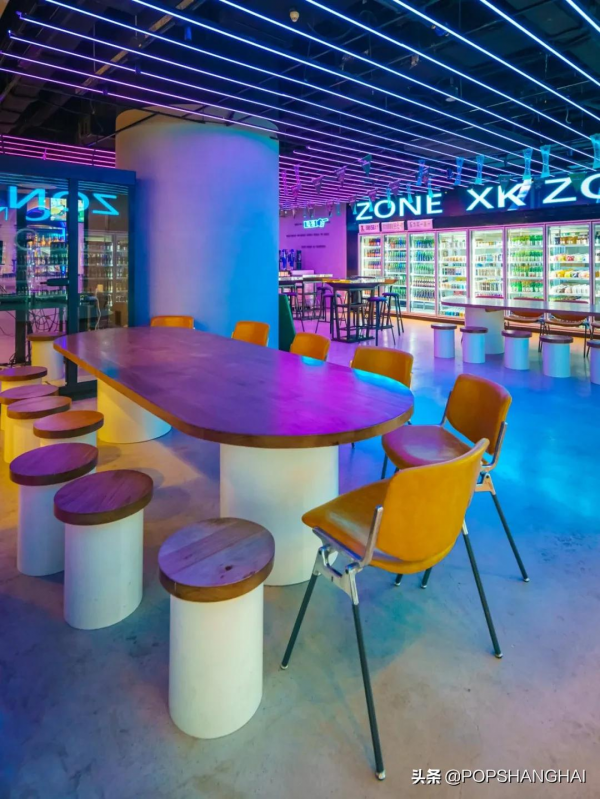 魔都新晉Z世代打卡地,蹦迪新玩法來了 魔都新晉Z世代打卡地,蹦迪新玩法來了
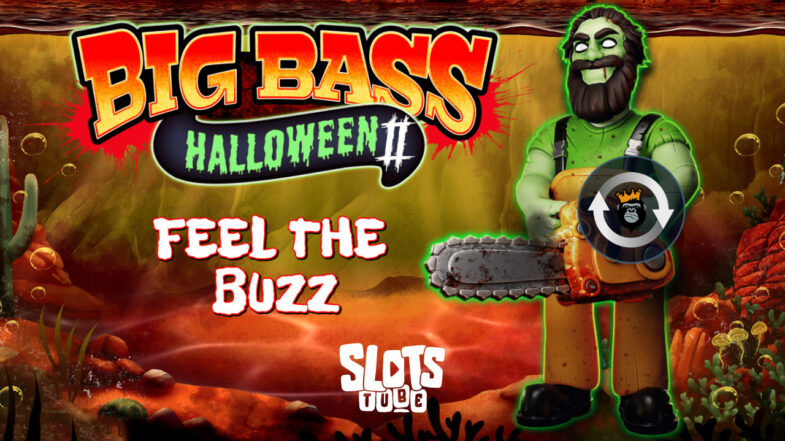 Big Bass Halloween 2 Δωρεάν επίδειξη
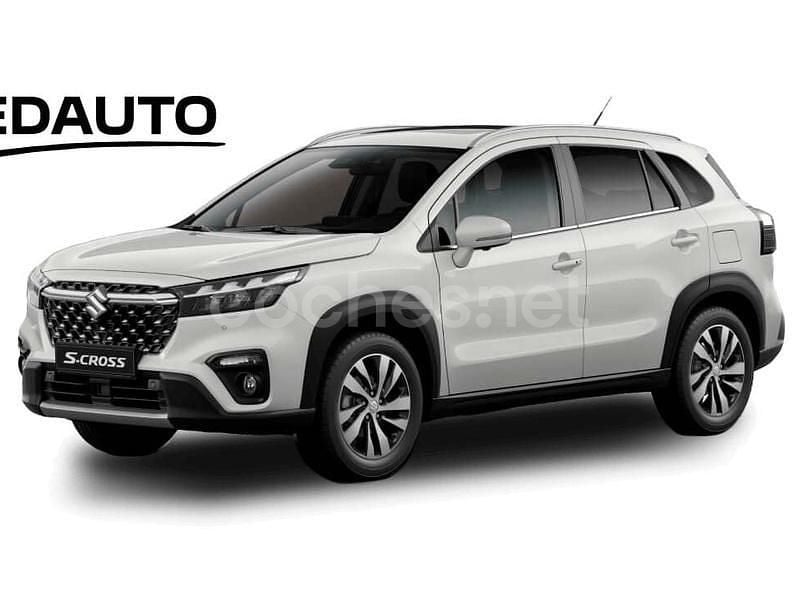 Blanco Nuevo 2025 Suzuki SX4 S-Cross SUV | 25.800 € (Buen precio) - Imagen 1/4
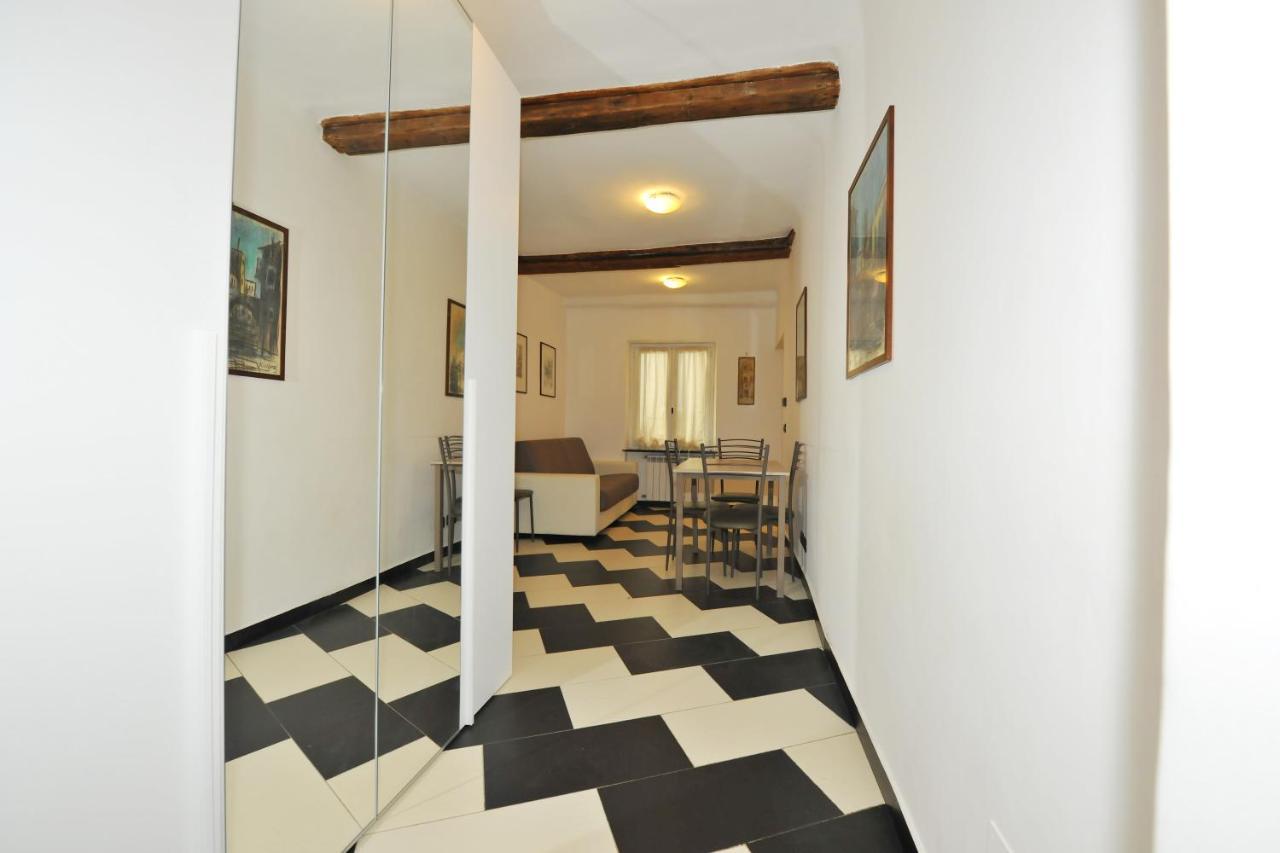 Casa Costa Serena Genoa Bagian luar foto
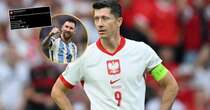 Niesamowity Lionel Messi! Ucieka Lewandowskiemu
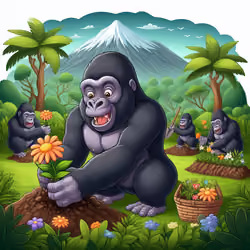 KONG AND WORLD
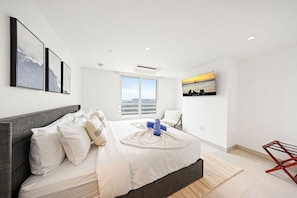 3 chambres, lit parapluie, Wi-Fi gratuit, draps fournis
* * *
-- THE PROBLEM --
Repeat word for word the lines starting at the one with "Blanco Nuevo 2025" and ending at the final line of the records above, both included; no pictures.

-- TASK SOLUTION --
 Blanco Nuevo 2025 Suzuki SX4 S-Cross SUV | 25.800 € (Buen precio) - Imagen 1/4
 Casa Costa Serena Genoa Bagian luar foto
 Niesamowity Lionel Messi! Ucieka Lewandowskiemu
 KONG AND WORLD
 3 chambres, lit parapluie, Wi-Fi gratuit, draps fournis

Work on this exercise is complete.